_THE PROBLEM_: Could you please reproduce the entries exactly, leaving out any pictures?

_SOURCE RECORDS_:
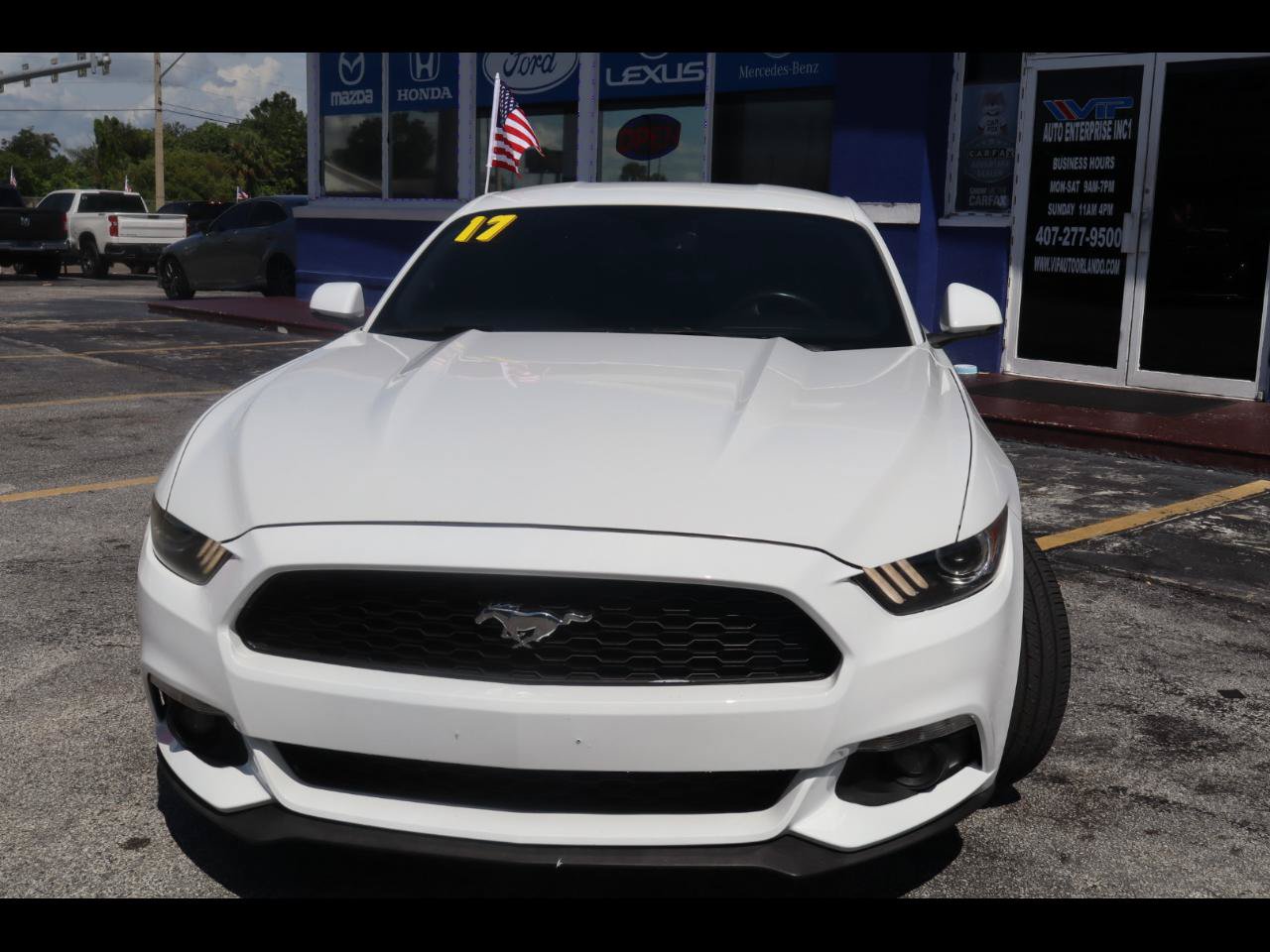 Used 2017 Ford Mustang Premium w/ Ecoboost Performance Package RWD image 3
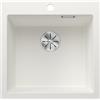 Blanco Lavello a una vasca PLEON 5 Total Black 2521672 finitura bianco da 51x51 cm - Sopratop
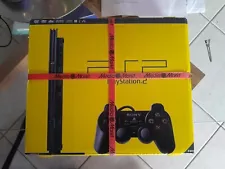 Sony PlayStation 2 Slim Edition Charcoal Black Console (SCPH-77004CB) brand new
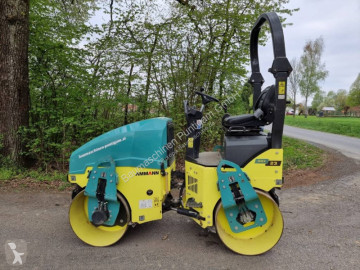 Ammann tandem roller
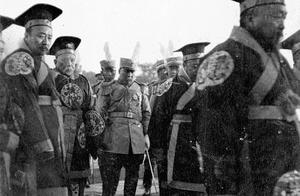 This is the biggest spot in Yuan Shikai life, the 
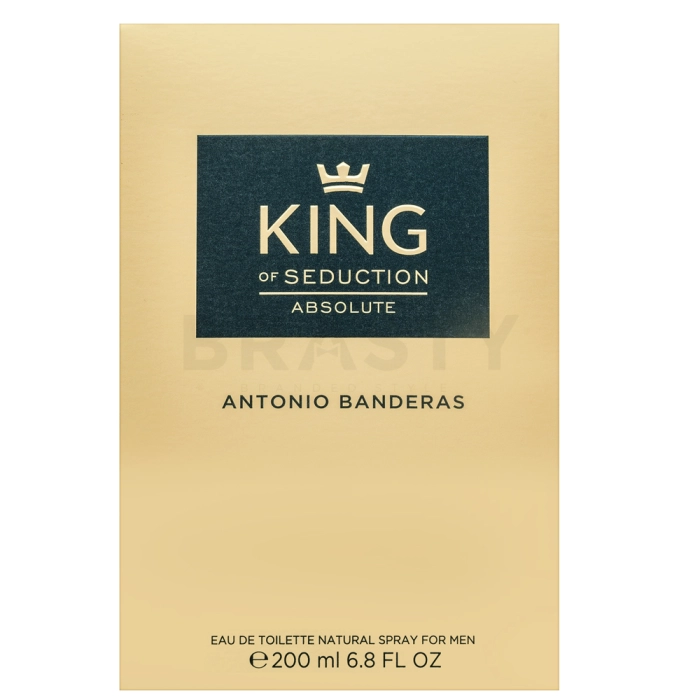 Antonio Banderas King Of Seduction Absolute woda toaletowa dla mężczyzn 200 ml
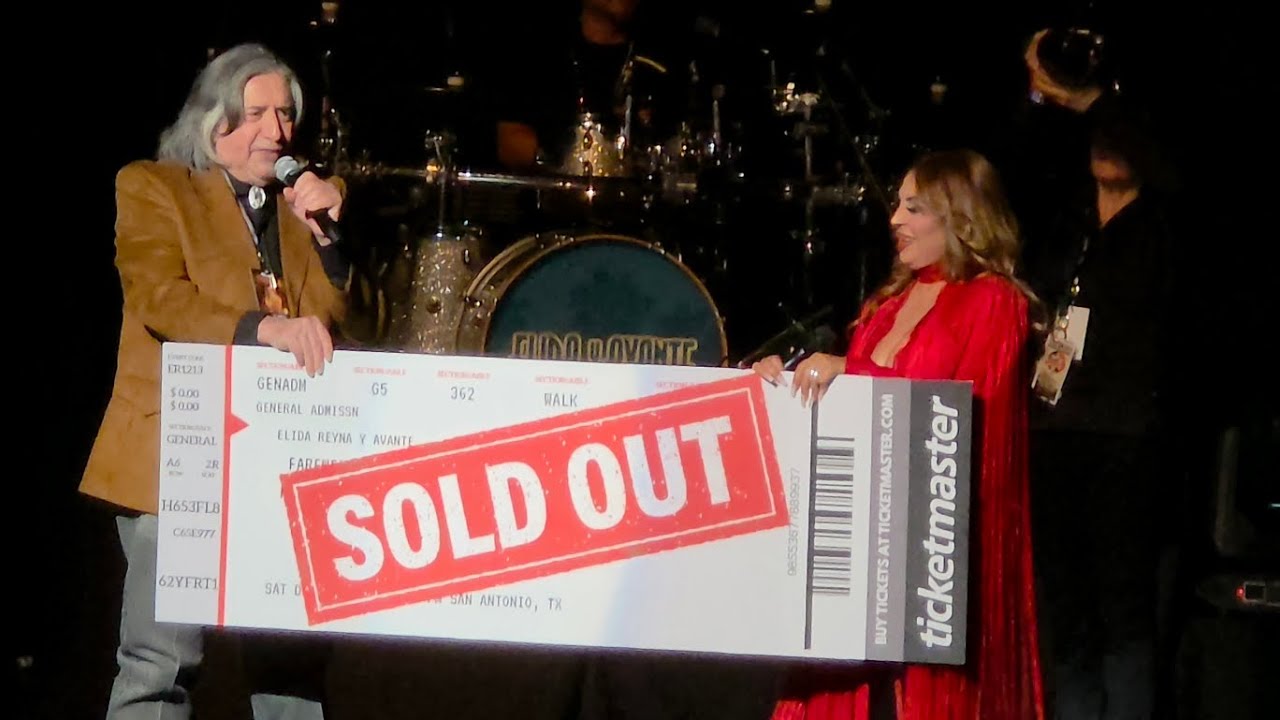 Elida Reyna y Avante - Farewell Tour, Majestic Theatre, San Antonio, Tx - 12/12/25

_WRITTEN ANSWER_:
 Used 2017 Ford Mustang Premium w/ Ecoboost Performance Package RWD image 3
 Blanco Lavello a una vasca PLEON 5 Total Black 2521672 finitura bianco da 51x51 cm - Sopratop
 Sony PlayStation 2 Slim Edition Charcoal Black Console (SCPH-77004CB) brand new
 Ammann tandem roller
 This is the biggest spot in Yuan Shikai life, the 
 Antonio Banderas King Of Seduction Absolute woda toaletowa dla mężczyzn 200 ml
 Elida Reyna y Avante - Farewell Tour, Majestic Theatre, San Antonio, Tx - 12/12/25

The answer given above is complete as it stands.